Altmuslim.com recently published an article by Zeeshan Hasan which takes a startling tack at trying to help the world religions get along: point out their common polytheistic roots. “If we accept the historical evidence that Abraham was polytheist, then we have found grounds for a more pluralistic view of Islam in the many verses praising him.”Hasan takes us through the evidence that strongly suggests the polytheism of Abraham and his descendants. By his reading, the Yahweh that appears to Moses in Exodus may actually be a different God, one that wraps up concepts of El and Baal into a neat package for new iron age Israelites.

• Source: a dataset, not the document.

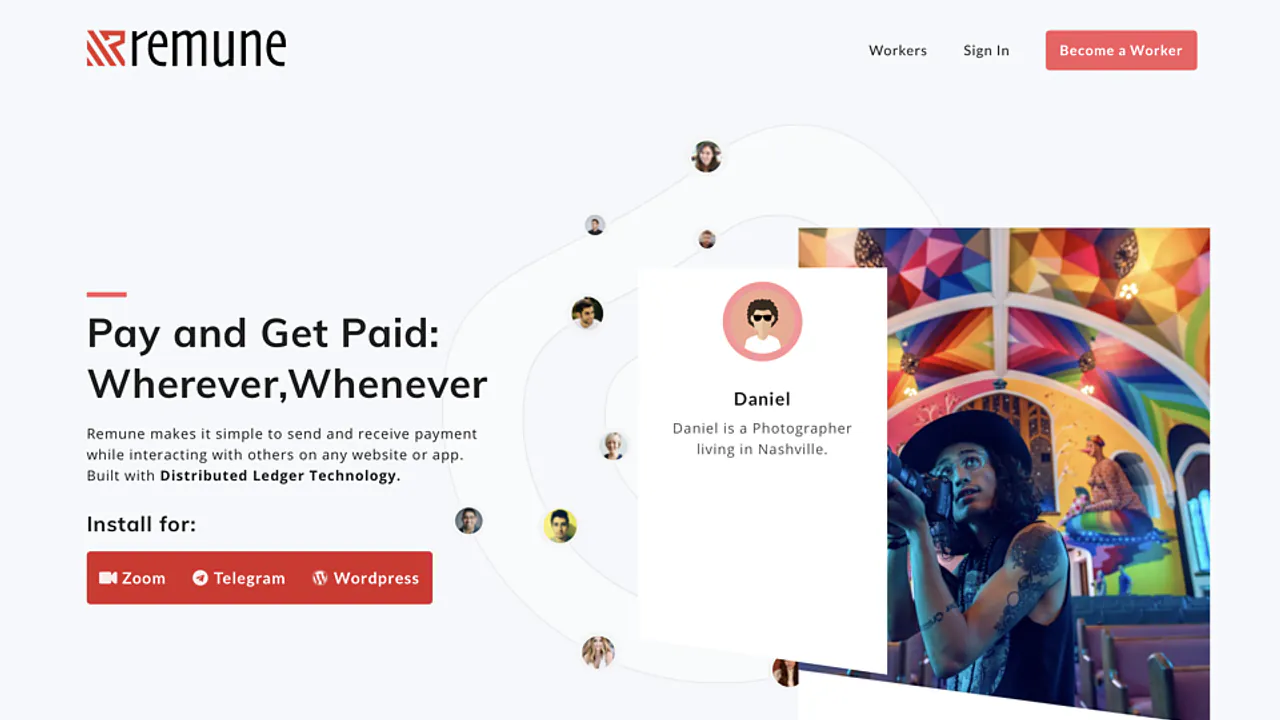 Remune - Pay and Get Paid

From a historical point of view, the assertion that Israelite religion was originally monotheist is quite difficult to maintain. The Bible itself tells us that Abraham and his sons, the founding ancestors of the Israelites, lived in a Canaanite, polytheist environment. But we have only the Biblical tradition that Abraham was an immigrant from Babylonia to distinguish him from his Canaanite neighbors. The archaeological impossibility of ever verifying the immigration or even existence of a single individual into Canaan thousands of years ago means that we will never be able to verify this critical Biblical claim. On the other hand, we can see from traces of El and Baal in the Bible that the early Israelites who lived in Canaan actually worshipped something similar to Canaanite gods: so how do we know that the first Israelites were not originally Canaanites? If Abraham really came from Ur, why would he and his tribe speak Hebrew, a dialect of the Canaanite language? Why would his tribe name themselves “Isra-El” after a Canaanite deity?
When Moses introduced the god Yahweh to his people, it is perhaps more accurate to say that they became henotheistic rather than monotheistic. They recognized the possible existence of other gods, but only worshiped theirs. It was appropriate for them to do so, perhaps, because a greater god apportioned the Israelites to their god, Yahweh, just as all people were given their own god or gods. To support this theory, Hasan points us to this peculiar verse, Deuteronomy 32:8-9:
When Elyon apportioned the nations, when he divided humankind, he fixed the boundaries of the peoples according to the number of the gods; Yahweh’s own portion was his people, Jacob his allotted share.
Because the people of the world are divided up by this divine plan, according to Hasan, Islam should be more tolerant, even appreciative of the other religions of the world.
The above seems to imply that the variety of religious faiths that we see in the world may all be part of a larger divine scheme of things. How do we know that all of these are not simply the “sacred rites” appointed to different nations, each corresponding to various divinely-approved “traced-out ways” (shir’at in Arabic, with a similar etymology as shari’ah)? They may seem different and strange to us, but so would Abraham’s Canaanite polytheism. And the Qur’an is very positive about Abraham; so it becomes impossible for us to criticize any religion based on doctrine. As the above makes clear, the only way left to criticize any religion is based on the “good works” of its followers. From this viewpoint, Islam does not become merely tolerant of other religions, but actually appreciative of them.
I say, if exposing the polytheistic roots of the Old Testament can help Islam be more tolerant, then certainly it should do the same for Christianity. Somehow, that seems like too much to hope for.